Exercise instructions: Give back only the lines in the records below from the one with "Strandkorb Komplettset - bene" to the one with "Sterling Silver Rhodium", both inclusive, word for word.
Records to process section start
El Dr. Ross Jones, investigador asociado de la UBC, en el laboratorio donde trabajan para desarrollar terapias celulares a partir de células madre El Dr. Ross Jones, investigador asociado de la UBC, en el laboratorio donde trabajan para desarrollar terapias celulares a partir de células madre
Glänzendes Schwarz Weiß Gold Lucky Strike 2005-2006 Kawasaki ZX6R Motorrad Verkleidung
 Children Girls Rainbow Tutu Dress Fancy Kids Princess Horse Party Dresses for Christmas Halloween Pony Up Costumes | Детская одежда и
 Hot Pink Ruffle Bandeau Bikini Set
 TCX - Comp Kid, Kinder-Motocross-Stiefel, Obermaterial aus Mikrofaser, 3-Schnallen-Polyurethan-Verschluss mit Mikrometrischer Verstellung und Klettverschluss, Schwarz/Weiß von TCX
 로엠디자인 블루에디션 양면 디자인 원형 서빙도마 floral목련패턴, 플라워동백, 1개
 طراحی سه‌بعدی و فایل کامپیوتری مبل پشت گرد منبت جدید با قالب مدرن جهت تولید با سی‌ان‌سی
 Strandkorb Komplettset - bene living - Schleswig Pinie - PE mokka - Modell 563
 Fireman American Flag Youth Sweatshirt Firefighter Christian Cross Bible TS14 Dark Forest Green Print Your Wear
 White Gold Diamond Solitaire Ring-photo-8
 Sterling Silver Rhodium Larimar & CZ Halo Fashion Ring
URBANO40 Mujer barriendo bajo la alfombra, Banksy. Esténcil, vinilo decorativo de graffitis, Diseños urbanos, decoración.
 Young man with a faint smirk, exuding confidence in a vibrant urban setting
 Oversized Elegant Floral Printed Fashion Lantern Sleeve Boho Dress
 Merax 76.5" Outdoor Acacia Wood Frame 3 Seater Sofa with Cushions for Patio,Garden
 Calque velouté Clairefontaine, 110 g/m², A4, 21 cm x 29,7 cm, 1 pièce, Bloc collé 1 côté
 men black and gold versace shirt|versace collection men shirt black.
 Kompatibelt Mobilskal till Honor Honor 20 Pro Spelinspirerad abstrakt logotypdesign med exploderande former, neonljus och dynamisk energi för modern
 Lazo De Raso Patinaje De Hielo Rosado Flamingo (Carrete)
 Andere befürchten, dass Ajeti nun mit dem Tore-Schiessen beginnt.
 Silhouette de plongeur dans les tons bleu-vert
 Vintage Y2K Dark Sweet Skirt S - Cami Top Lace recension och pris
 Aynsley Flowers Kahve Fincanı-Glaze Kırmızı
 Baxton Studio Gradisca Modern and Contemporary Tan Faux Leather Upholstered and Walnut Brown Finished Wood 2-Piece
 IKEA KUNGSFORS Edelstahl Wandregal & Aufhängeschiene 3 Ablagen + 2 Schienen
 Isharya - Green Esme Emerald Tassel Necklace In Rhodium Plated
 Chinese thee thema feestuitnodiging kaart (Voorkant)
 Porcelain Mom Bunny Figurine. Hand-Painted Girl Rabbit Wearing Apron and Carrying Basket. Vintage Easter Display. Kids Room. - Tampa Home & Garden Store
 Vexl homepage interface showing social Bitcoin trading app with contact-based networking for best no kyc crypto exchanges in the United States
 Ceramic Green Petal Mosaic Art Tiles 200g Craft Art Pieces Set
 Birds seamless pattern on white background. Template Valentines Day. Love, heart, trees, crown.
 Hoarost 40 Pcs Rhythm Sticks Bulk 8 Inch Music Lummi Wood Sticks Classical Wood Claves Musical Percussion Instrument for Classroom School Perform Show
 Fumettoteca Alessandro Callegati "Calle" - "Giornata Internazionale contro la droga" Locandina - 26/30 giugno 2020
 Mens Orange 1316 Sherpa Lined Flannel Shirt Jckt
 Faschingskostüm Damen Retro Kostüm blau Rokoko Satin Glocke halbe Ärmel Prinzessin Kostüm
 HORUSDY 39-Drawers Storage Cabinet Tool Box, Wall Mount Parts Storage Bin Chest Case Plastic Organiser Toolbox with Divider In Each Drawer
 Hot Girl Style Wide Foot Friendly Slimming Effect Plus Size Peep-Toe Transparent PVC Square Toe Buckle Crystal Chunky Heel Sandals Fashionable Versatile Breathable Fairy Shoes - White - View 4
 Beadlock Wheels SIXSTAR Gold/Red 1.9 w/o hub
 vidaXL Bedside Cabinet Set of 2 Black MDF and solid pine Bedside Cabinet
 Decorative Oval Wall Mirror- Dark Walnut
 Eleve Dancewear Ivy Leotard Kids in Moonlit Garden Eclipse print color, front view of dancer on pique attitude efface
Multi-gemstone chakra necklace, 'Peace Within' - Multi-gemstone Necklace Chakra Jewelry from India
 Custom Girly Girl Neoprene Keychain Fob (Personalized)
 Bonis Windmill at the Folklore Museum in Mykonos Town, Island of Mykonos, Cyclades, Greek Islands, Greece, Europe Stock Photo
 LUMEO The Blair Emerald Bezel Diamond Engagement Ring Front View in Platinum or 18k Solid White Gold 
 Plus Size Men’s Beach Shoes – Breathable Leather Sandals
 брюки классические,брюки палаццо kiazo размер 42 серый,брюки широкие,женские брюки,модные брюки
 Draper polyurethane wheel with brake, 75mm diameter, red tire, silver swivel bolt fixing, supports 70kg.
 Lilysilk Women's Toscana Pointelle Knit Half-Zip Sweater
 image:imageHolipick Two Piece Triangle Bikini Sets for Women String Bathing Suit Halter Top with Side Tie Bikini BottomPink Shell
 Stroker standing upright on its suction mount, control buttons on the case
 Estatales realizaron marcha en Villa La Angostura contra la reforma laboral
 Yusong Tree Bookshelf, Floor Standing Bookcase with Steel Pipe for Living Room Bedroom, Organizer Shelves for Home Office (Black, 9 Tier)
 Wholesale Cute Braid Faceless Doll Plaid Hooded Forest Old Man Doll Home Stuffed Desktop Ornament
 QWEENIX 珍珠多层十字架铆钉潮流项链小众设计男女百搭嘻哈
Records to process section end
Expected answer:
 Strandkorb Komplettset - bene living - Schleswig Pinie - PE mokka - Modell 563
 Fireman American Flag Youth Sweatshirt Firefighter Christian Cross Bible TS14 Dark Forest Green Print Your Wear
 White Gold Diamond Solitaire Ring-photo-8
 Sterling Silver Rhodium Larimar & CZ Halo Fashion Ring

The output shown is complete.